As a provider of public cloud services, it is very desirable to establish multiple tiers of service that can be delivered to customers. This helps in the establishment of pricing models and extends choices to the customers for performance. Private cloud administrators have the same need, though for a slightly different reason. Instead of using service tiers to establish a payment model, private cloud admins use service tiers to more effectively allocate resources to the organizations within the enterprise.
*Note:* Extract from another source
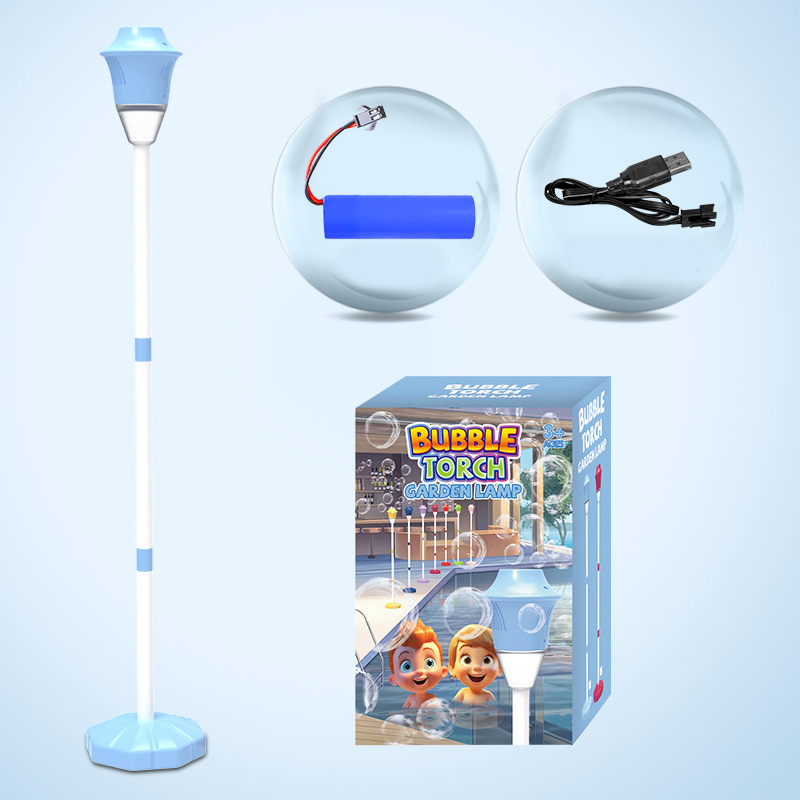 Bubble Torch Garden Lamp Rechargeable Adjustable Bubble Machine with Lights Music Auto Vertical Bubble Machine for Wedding: Blue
With the 5.1 release of vCloud Director, it is now possible to define multiple tiers of storage easily though the use of the storage profiles feature.Storage Profiles is a feature that has been available in vSphere for a while now. This feature allows the vSphere admin to define capabilities for the storage within their environment. These capabilities can then be grouped into a storage profiles. For example, let’s say you use two metrics to differentiate storage in your environment – latency and cost. These become your capabilities that you would assign to your datastores with a corresponding value. This might resemble:
Latency = High
Cost = Low
Latency = Low
Cost = High
From here, you can create a storage profile that contains certain characteristics. You could have a ‘Gold’ storage profile that contains the characteristics of Latency = Low and Cost = High. In this example, this would equate to Datastore B. Now you have the ability to utilize the storage profile instead of individually selecting datastores.
Although this feature was present in vSphere, vCloud Director was not able to take advantage of it until the 5.1 release. vCloud Director now treats everything as a storage profile. It automatically polls vCenter Servers that are linked to it on a periodic basis to discover the storage profiles that have been created. There is also an option within vCloud Director to manually initiate this polling process.
This brings up some important points about the use of storage profiles and vCloud Director. First, storage profiles are managed solely through vCenter Server. vCloud Director simply reflects what has been configured. The actual ability to define, add, delete, and modify a storage profile all occurs within vCenter Server. You cannot do this through the vCloud Director user interface. Second is the fact that vCloud Director treats everything as a storage profile.
What happens if you don’t have a license for storage profiles or are using hosts that do not support storage profiles? In these cases, vCloud Director includes a pseudo storage profile called ‘Any’ that references all the storage available to a host.
Once you have storage profiles defined and enabled, then it’s a simple matter to configure vCloud Director to consume them as part of a Provider VDC. Once part of a Provider VDC, the storage can be sub-allocated to the various organizations. You can pick and choose what storage is made available to an organization. This makes things a lot easier than what folks using vCloud Director had to do in the past. Without using storage profiles, cloud admins had to define multiple Provider VDCs, each containing a just the storage resources that they wanted to be made available. Now, they can have one Provider VDC that is a lot easier to manage…
The following video gives a good overview of how storage profiles can be used:
One word of advice… If you do configure storage profiles, make sure that you enable them. It’s easy to forget this step, but without doing it things will not work right.